Esta pintura é anterior ao Expressionismo Abstracto. Chama-se Untitled, e é de uma pintora: Janet Sobel.
De origem ucraniana, nascida em 1894, Jennie Lechovsky viaja para os Estados Unidos da América em 1908 e instala-se em Brooklyn. Casa-se com Max Sobel de quem tem quatro filhos. Um deles, Sol Sobel, estuda pintura e leva para casa as suas tintas e pincéis. Em 1939, Janet começa a fazer alguns desenhos às escondidas, eventualmente sendo descoberta pelo filho, que a encoraja a continuar a pintar. Embora ao princípio a sua pintura seja figurativa e naïf, Sobel começa a pintar figuras cada vez menos reconhecíveis, eventualmente fazendo experiências que são já completamente abstractas. É nesta fase que Sol apresenta o trabalho de Sobel a diferentes galeristas; embora alguns a considerem apenas uma dona de casa de meia idade a brincar aos pintores, outros ficam genuinamente interessados. Aquilo que Sobel fazia completamente novo e estranha. A tinta escorria pela tela, salpicava-a de uma forma completamente aleatória, que ao mesmo tempo mostrava uma graciosidade diáfana. Eram monstros delicados. Ninguém menos que a própria Peggy Guggenheim, torna-se sua admiradora e mentora. Numa mostra colectiva de 1945 intitulada “The Women”, Janet Sobel expõe trabalho. No ano seguinte, tem direito a uma exposição a solo na galeria de Guggenheim. Clement Greenberg, que viria a ser um dos maiores críticos arte americanos do século, visitou a exposição com o amigo Jackson Pollock, e descreveu no seu diário o impacto que a pintura de Sobel teve nos dois. Um ano depois, Pollock começa a fazer as suas famosas drip paintings.
A partir daqui, o rasto de Janet Sobel começa a apagar-se: em 1947 o marido abre uma fábrica de bijuteria em New Jersey, e toda a família muda-se para lá. Longe do centro de cultura de Manhattan, longe das galerias e críticos, a memória da pintura de Janet vai definhando.
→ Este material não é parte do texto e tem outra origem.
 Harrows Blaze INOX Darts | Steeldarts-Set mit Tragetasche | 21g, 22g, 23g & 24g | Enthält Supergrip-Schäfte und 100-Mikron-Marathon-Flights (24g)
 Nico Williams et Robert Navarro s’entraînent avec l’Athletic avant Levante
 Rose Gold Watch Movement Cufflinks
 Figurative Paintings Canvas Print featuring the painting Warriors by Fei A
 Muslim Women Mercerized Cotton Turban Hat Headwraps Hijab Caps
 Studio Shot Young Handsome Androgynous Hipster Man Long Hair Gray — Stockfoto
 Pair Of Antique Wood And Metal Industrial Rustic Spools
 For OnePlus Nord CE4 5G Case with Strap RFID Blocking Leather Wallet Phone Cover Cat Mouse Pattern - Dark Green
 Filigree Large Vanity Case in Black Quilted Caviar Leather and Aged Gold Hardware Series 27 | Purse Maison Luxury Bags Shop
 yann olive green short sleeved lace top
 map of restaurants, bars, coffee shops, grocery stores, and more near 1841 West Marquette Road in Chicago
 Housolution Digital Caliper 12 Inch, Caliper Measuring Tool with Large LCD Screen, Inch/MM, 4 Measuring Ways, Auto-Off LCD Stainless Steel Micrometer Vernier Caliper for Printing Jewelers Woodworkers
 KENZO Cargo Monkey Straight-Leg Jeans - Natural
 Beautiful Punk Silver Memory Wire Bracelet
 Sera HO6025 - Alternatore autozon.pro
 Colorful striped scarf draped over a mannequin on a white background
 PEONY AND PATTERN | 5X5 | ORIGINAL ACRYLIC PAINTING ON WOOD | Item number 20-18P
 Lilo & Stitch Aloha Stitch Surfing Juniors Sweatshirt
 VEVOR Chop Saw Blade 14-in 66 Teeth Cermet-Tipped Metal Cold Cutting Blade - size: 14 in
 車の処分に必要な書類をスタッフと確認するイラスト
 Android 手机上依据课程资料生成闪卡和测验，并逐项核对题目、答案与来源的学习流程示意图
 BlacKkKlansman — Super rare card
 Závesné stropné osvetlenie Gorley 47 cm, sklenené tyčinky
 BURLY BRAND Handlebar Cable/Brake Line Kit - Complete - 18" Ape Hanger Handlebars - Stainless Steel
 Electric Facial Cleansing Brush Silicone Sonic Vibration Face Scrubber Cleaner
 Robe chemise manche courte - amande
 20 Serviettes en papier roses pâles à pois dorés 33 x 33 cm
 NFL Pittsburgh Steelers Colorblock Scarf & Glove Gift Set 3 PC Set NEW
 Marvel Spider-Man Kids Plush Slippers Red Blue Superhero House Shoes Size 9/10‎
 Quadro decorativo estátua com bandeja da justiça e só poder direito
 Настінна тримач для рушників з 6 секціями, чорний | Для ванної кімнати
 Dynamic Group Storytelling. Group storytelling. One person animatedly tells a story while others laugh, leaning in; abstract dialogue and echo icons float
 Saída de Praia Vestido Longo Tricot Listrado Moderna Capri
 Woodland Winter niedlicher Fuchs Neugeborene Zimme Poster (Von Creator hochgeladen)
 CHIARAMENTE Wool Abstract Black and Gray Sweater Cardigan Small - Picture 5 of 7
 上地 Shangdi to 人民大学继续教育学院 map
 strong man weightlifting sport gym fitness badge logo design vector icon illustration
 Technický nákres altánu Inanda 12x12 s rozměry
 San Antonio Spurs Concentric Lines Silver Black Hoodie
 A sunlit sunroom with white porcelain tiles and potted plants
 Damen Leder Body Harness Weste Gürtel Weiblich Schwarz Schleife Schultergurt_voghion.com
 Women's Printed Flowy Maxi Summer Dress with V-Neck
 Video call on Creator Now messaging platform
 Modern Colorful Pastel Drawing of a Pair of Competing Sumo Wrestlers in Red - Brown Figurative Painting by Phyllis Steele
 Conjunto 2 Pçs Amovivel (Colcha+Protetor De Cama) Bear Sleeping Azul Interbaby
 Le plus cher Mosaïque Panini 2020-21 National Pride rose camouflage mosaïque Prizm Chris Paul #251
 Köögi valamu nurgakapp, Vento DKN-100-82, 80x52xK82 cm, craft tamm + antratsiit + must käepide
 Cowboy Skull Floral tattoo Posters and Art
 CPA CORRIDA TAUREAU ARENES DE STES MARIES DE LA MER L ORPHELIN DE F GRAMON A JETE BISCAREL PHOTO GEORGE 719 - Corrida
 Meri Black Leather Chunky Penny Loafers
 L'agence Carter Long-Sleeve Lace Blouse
Não quero afirmar que Pollock “roubou a ideia” a Sobel – isso é um absurdo. As ideias não se roubam, e Pollock criou uma linguagem própria e sistematizada; só lamento que nunca tenha dado crédito à dona de casa, mãe de quatro, e não-formada em artes, que abriu o caminho para ele. Janet Sobel é uma artista que felizmente tem vindo a ser re-descoberta nos últimos 20 anos – um símbolo da forma como as mulheres estão (e estão) abaixo dos homens no mundo da Arte, e também da forma como a língua, a idade, a nacionalidade,a formação académica, o desfasamento que existe entre centros e periferias culturais – tudo isto afecta os artistas. Quer sejam mulheres ou homens.
É uma entre tantas outras, como Rosa Bonheur, Joana do Salitre, Helen Martins, Judith Scott, Mierle Laaderman-Ukeles, Adrian Piper, Mary Cassatt, Ana Mendieta, Sarah Affonso, Gina Pane, Berthe Morisot… A lista continua e continua. Um território fértil para @s amantes de Arte, a pedir para ser descoberto.
Feliz Dia da Mulher, a todas e a todos – eu não discrimino!